Canadian business players are looking to the emerging economies of Southeast Asia for lucrative long-term investment opportunities—and Indonesia is leading the way.
The Canada-ASEAN Business Council (CABC) recently concluded its 3rd
Canada-ASEAN Business Forum. The event, which took place from September 7-8 in Jakarta’s Shangri-La Hotel, brought together over 250 business leaders and senior government officials from Canada and Southeast Asia.
The forum’s objectives included raising the profile of Canada in ASEAN, educating Canadian businesses about the numerous benefits that would stem from greater ASEAN economic integration, and providing a platform for senior executives from Canada and ASEAN to discuss business opportunities in both nations.
“Indonesia is the anchor country of the relationship between Canada and ASEAN,” CABC honorary chairman Jean Charest said during a press conference after the two-day forum.

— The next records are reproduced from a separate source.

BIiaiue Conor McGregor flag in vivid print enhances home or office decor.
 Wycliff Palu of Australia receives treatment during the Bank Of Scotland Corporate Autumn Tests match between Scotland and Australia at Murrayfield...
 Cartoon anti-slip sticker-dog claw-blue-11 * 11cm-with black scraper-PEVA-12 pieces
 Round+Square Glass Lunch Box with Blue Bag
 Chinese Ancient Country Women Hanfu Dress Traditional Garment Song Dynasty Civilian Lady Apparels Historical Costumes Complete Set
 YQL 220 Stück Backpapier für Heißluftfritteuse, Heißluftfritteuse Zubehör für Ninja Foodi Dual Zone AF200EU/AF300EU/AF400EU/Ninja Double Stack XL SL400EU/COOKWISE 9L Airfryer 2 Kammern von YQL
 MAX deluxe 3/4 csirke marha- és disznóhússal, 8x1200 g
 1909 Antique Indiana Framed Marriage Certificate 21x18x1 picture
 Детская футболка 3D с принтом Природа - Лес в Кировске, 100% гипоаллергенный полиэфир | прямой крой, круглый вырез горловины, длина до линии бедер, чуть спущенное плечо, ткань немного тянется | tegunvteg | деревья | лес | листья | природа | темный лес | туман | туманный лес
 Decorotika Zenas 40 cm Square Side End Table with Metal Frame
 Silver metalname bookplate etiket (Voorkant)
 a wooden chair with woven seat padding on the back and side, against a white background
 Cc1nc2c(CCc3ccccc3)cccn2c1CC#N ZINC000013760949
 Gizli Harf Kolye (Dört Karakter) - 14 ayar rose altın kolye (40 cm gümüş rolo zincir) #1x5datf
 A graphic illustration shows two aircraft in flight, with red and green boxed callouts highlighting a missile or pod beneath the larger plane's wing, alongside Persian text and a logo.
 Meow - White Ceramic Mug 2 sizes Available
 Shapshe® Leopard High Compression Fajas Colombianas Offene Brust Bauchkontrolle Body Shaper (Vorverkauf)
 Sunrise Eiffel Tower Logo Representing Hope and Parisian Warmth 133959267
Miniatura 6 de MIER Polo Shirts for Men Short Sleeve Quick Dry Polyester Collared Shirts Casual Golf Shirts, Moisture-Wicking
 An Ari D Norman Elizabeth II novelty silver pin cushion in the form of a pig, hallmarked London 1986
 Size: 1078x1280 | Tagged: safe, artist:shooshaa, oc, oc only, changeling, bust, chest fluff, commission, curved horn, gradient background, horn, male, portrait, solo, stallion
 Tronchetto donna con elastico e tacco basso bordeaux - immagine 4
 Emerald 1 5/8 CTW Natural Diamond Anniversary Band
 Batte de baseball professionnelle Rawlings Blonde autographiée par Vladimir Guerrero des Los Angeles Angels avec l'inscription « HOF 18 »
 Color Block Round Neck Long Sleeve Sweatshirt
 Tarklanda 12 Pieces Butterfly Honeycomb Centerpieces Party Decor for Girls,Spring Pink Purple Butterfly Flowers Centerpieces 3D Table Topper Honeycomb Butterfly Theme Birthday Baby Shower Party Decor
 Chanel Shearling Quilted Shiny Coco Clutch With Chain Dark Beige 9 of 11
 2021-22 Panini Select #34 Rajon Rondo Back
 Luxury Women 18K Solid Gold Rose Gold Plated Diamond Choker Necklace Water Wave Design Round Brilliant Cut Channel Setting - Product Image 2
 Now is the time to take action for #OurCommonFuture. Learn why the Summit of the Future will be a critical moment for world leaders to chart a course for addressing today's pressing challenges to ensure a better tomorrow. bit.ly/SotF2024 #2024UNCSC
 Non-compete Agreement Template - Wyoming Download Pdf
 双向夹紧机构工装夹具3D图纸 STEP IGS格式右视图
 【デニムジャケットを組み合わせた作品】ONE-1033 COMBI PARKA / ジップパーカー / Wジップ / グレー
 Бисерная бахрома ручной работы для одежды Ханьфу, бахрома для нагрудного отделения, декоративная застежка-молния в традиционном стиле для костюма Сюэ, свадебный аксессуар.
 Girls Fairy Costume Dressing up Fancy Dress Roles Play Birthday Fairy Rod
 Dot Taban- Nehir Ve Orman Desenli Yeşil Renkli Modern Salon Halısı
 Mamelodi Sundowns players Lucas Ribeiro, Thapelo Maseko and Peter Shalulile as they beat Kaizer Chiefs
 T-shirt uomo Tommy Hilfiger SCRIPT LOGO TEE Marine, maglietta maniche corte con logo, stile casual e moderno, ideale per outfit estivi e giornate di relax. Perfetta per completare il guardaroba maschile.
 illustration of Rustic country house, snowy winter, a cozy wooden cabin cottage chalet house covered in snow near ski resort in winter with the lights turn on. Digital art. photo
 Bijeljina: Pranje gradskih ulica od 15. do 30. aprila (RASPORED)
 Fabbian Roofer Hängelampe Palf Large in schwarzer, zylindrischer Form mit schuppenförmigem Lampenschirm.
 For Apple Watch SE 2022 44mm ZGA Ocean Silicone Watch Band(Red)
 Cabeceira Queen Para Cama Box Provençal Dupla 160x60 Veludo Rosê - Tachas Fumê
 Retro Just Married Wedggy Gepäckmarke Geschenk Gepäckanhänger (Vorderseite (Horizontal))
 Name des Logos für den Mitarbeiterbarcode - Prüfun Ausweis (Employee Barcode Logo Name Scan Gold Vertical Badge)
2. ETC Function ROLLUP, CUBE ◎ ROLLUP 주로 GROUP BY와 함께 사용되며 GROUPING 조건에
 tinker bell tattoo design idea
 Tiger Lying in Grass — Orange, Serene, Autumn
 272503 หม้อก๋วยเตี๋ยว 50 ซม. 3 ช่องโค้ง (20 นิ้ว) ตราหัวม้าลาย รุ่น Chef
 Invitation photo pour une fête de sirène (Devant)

Charest pointed out many of the factors that singled out Indonesia as a great investment opportunity, including its large population, abundant natural resources, and economic dynamism.
CABC president Wayne Farmer said that many Canadian businesses expressed strong interest in investing in Indonesia during the forum. Among the top industrial sectors deemed attractive to investors include infrastructure, environment management and services, and agriculture.
Asked about the challenges being faced by Canadian businesses looking to invest in Indonesia, Farmer emphasized that more work was required to help Canadian businesses identify the most viable opportunities in the country.
Canadian business players who conduct business in ASEAN often encounter significant challenges, such as the inconsistent enforcement of laws, difficulty in obtaining reliable and cost-efficient skilled labor, the preferential treatment of local companies, and widespread corruption.
Indonesian Ambassador to Canada Teuku Faizasyah said that his government was committed to tackling these issues, especially those related to corruption. The establishment of the Corruption Eradication Commission, a government agency tasked with fighting corruption, made it clear that the Indonesian government was serious about fighting corruption, he said.